• TO DO
Among the records that follow, set down only the lines from the one containing "Cover The Brotherhood (eBook, ePUB)" to the one containing "Monaco Fashion Days: Коли", both included, exactly.

• DATA LISTING

*-*-*

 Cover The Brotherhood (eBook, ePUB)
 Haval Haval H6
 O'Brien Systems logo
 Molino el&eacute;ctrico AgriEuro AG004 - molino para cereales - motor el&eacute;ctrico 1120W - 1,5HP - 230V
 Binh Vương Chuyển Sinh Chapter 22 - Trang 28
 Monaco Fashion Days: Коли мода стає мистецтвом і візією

*-*-*

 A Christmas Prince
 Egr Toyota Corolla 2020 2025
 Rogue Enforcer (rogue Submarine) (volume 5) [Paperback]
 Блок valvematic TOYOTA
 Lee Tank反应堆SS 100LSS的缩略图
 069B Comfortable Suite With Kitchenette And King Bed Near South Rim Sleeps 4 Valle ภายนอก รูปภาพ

*-*-*

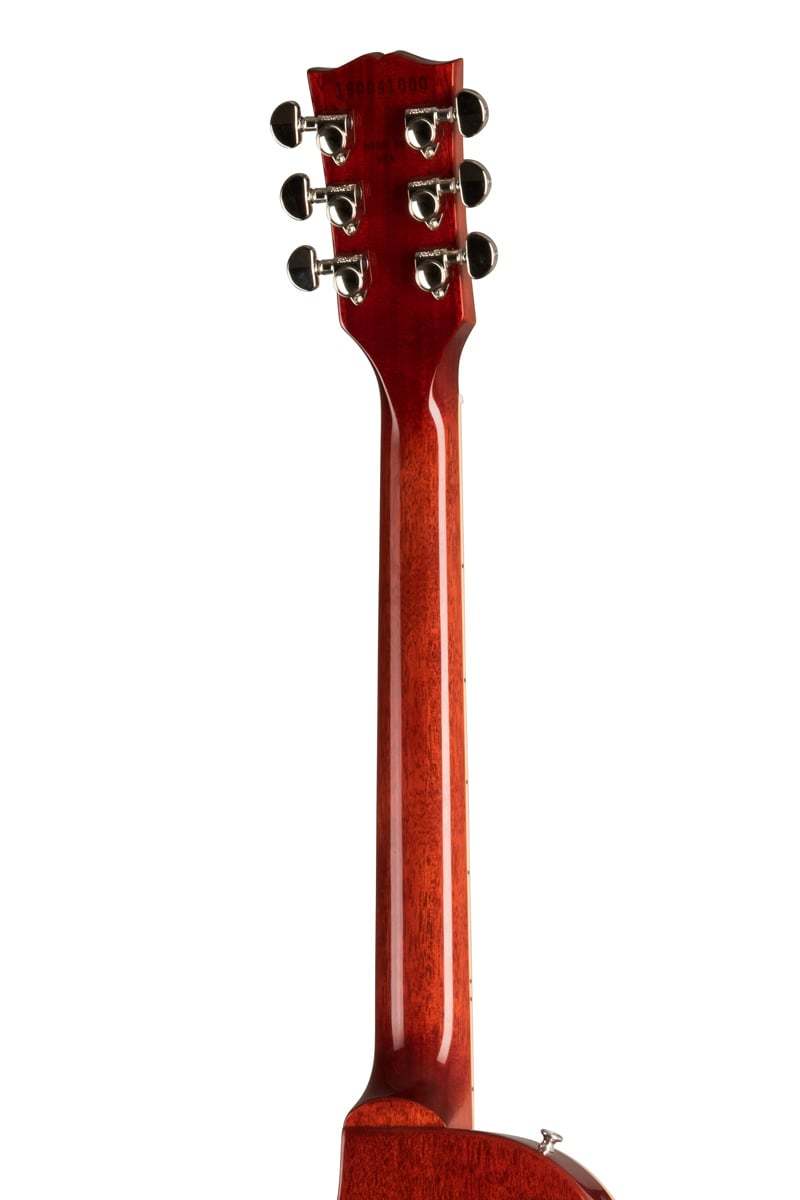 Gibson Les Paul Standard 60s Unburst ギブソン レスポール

*-*-*

• RESPONSE TO THIS EXERCISE
 Cover The Brotherhood (eBook, ePUB)
 Haval Haval H6
 O'Brien Systems logo
 Molino el&eacute;ctrico AgriEuro AG004 - molino para cereales - motor el&eacute;ctrico 1120W - 1,5HP - 230V
 Binh Vương Chuyển Sinh Chapter 22 - Trang 28
 Monaco Fashion Days: Коли мода стає мистецтвом і візією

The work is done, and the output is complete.